- _Description of the task_:
The lines to repeat are those below from the one containing "Hestra Boda Mitt" down to the one containing "Мыло Rexona 2x125 г Мыло Rexona 2x125 г", both included; reproduce them exactly and nothing else.
+ + +
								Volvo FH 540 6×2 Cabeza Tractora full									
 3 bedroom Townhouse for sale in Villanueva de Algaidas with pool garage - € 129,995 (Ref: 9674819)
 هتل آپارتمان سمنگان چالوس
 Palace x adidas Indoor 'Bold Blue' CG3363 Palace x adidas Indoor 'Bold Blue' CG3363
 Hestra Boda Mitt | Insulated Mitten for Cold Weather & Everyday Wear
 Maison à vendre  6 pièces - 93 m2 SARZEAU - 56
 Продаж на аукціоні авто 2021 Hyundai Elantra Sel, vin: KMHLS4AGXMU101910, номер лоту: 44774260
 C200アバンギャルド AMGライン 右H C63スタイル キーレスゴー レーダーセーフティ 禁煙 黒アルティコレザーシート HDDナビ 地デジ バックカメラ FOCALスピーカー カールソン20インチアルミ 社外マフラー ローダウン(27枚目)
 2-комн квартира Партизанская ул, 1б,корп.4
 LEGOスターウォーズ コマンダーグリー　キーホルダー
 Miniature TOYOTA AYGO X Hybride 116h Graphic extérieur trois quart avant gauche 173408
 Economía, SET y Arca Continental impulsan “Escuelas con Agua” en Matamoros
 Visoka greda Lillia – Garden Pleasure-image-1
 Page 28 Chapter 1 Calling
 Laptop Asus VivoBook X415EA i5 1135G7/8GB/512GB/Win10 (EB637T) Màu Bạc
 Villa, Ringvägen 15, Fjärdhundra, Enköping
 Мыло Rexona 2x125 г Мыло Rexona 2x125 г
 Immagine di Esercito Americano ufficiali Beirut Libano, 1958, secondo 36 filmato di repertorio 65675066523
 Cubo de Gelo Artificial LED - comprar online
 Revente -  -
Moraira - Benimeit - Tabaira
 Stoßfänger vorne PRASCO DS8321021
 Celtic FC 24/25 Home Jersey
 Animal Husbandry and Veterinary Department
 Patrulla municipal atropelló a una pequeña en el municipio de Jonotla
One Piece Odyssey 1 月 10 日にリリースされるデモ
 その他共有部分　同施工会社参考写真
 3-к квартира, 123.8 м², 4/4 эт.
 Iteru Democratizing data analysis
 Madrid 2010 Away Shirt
+ + +
- _Response below_:
 Hestra Boda Mitt | Insulated Mitten for Cold Weather & Everyday Wear
 Maison à vendre  6 pièces - 93 m2 SARZEAU - 56
 Продаж на аукціоні авто 2021 Hyundai Elantra Sel, vin: KMHLS4AGXMU101910, номер лоту: 44774260
 C200アバンギャルド AMGライン 右H C63スタイル キーレスゴー レーダーセーフティ 禁煙 黒アルティコレザーシート HDDナビ 地デジ バックカメラ FOCALスピーカー カールソン20インチアルミ 社外マフラー ローダウン(27枚目)
 2-комн квартира Партизанская ул, 1б,корп.4
 LEGOスターウォーズ コマンダーグリー　キーホルダー
 Miniature TOYOTA AYGO X Hybride 116h Graphic extérieur trois quart avant gauche 173408
 Economía, SET y Arca Continental impulsan “Escuelas con Agua” en Matamoros
 Visoka greda Lillia – Garden Pleasure-image-1
 Page 28 Chapter 1 Calling
 Laptop Asus VivoBook X415EA i5 1135G7/8GB/512GB/Win10 (EB637T) Màu Bạc
 Villa, Ringvägen 15, Fjärdhundra, Enköping
 Мыло Rexona 2x125 г Мыло Rexona 2x125 г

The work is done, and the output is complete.